Disc brakes- need 'em in Colorado. Seems like a totally logical plan to replace the current tandem with one sporting disc brakes, and just as logical while we are at it to find one that can accommodate larger 29er / 700c tires. 

Are there any production bikes like that yet? Or does anyone know of any in the pipeline for production soon? We'll primarily use it on the road with drop bars but I'd love to be able to set it up with 2 inch wide tires that would allow it to go where ordinary road tandems fear to tread. 

Perfect would be a non suspended steel or aluminum disc ready frame that has a tapered steel fork with clearance for a big tire, with a front end built to accommodate a tapered suspension fork if one were to prefer that to a steel fork. And a rear end also with clearance for a big tire.

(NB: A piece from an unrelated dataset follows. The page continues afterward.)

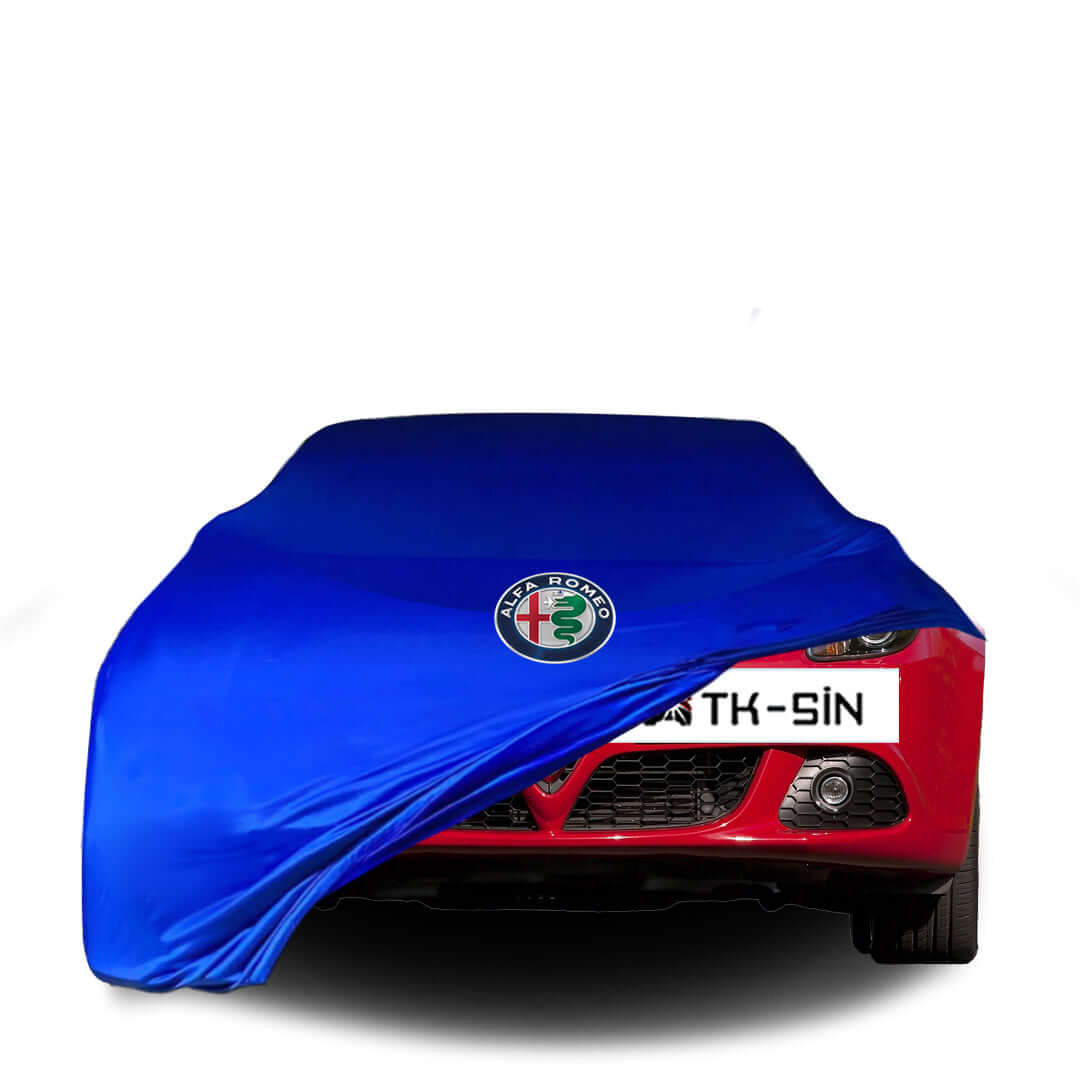 Alfa Romeo Indoor Car Cover Custom Production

Definitely want 29er/700c. It's the only choice! Have owned a 26" tandem in the past and it's just not the same on the road. One set of true 700c road wheels with dics, and another set of wheels with a very stout build and big tires would be just so cool. The road wheels would give it a lower classic road stance, the big tires would give a little better ground clearance. My ideal bike would be more oriented to road riding but built on the stout side, with the ability to take fat tires and derive all the benefits thereof.


----------



## ds2199 (Sep 16, 2008)

*How about these guys?*

I don't know if they officially market as a 29er tandem, but DaVinci Designs makes their tandems in both 26" and 700c.

http://www.davincitandems.com/ja.html

I'd call Todd and Brian and see what they think. They make a sweet bike!

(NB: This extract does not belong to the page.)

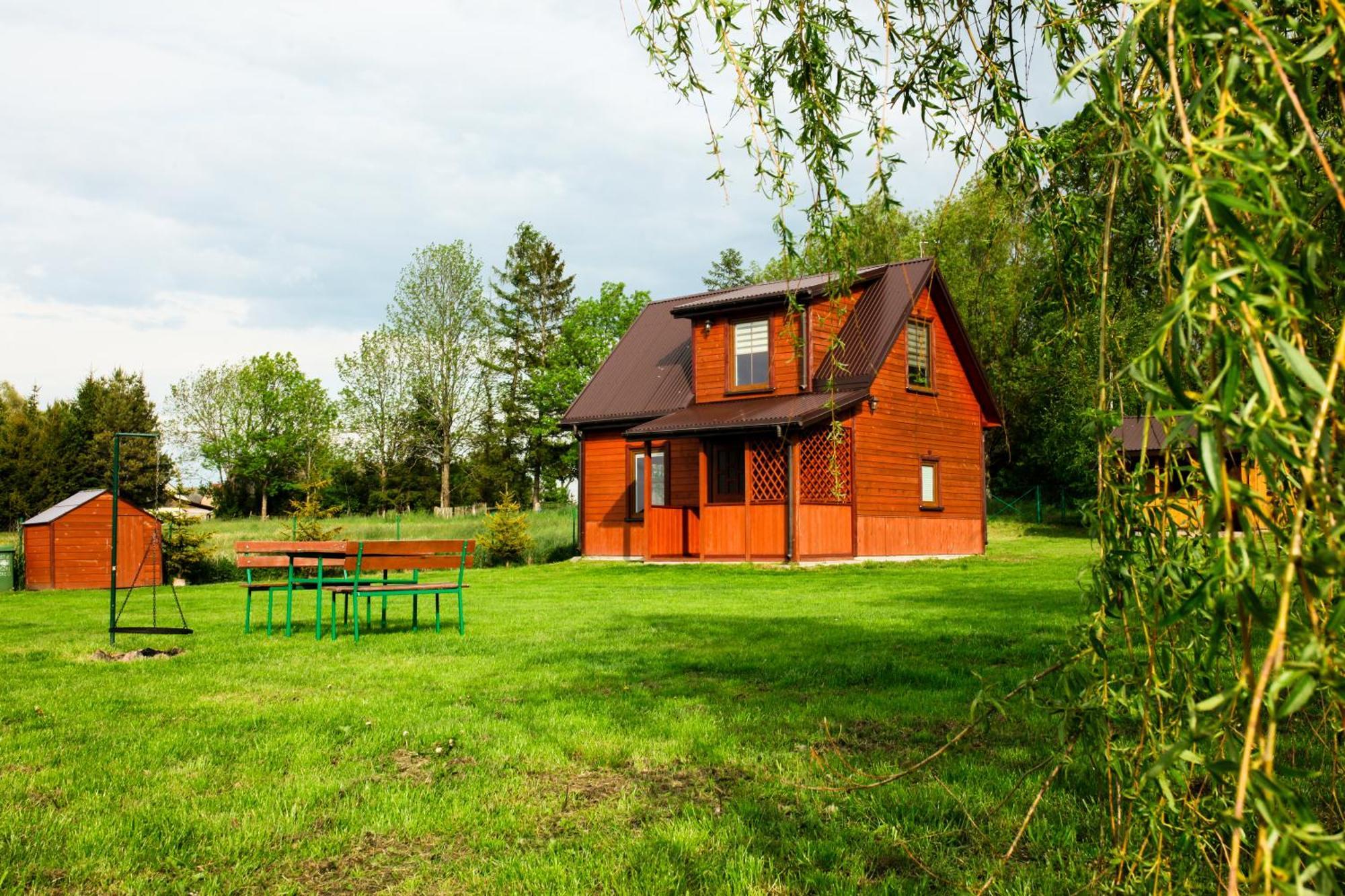 Villa Biebrzanska Osada Stare Dolistowo Exterior foto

I know some people that ride their mountain tandem (front suspension) on the road with skinny tires (fork locked out) and they also ride it off road too (fatter tires). I think they are riding 26" though...


----------



## bme107 (Jul 23, 2008)

Fandango? see http://www.mtbtandems.com/ (member here too)


----------



## TheBrick (Dec 8, 2008)

If you have the money I'm sure one of these could be tweaked for your requirments.

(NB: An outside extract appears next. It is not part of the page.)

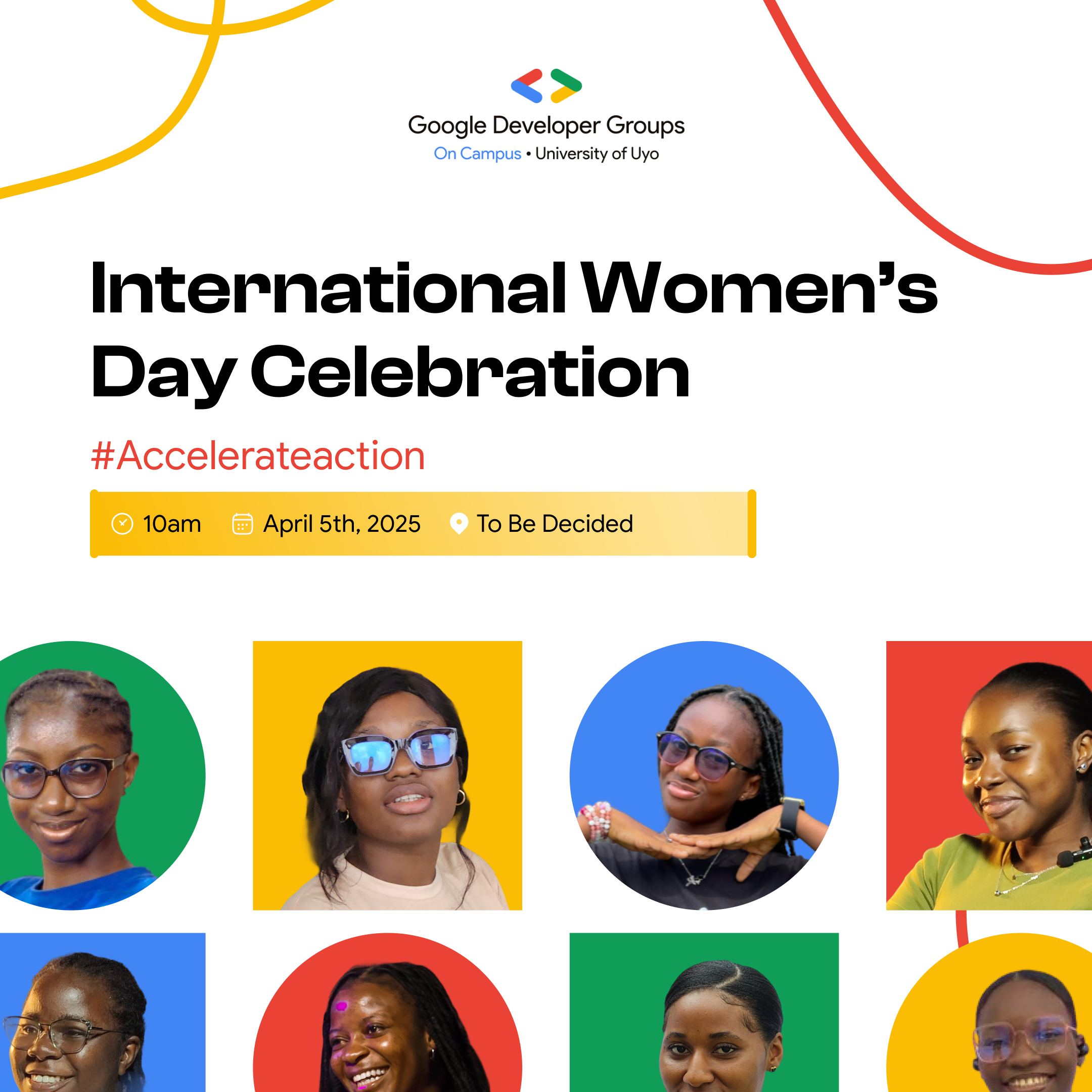 See International Women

http://www.google.co.uk/url?sa=t&so...n_mXDg&usg=AFQjCNEg-awmeWO_cB-pugbHdWzenvgd7w
http://www.google.co.uk/url?sa=t&so...n_mXDg&usg=AFQjCNH3B5GogIO79V4kUWO8PC8ylG9zWA


----------



## bsdc (May 1, 2006)

Curtlo would custom build exactly what you want at a production frame price. The down side? A few months wait.


----------



## Trails4Two (May 12, 2008)

*comprimise?*

I think that there is a reason that both road and mountain bikes exist: they serve different purposes. With different geometry, gearing, and components a road bike won't ride as well as an off-road bike on trails. Likewise, an off-road bike will not have the same "zip" as a bike made for roads. It's more than just wheel size. You could certainly make a bike do both, but it might not do either well. Why not have two tandems? If you are really wanting to do more off-road riding get a bike that will allow you to enjoy that even more.


----------



## jjensen (Mar 31, 2009)

Go with the Fandango! On my second season of 29'er Fandango riding and my 22nd year of off road tandeming. It's the nicest tandem I've ridden or owned (I own four). Mine is small / med and set up with 203mm Hope discs front and rear with an ATC fork. I love this bike - it's almost too nice to take out and thrash.


----------



## MichiganClydesdale (Mar 24, 2004)

bsdc said:


> Curtlo would custom build exactly what you want at a production frame price. The down side? A few months wait.


I believe Vicious still makes the Jeepster, and Scott Quiring has built a few 29er tandems too - steel, AL, and Scandium. Mine is steel, as is our Vicious.


----------



## bsdc (May 1, 2006)

I'm really digging that Quiring. I remember admiring it as a SS but it looks much more appealing to me with a Rohloff hub.


----------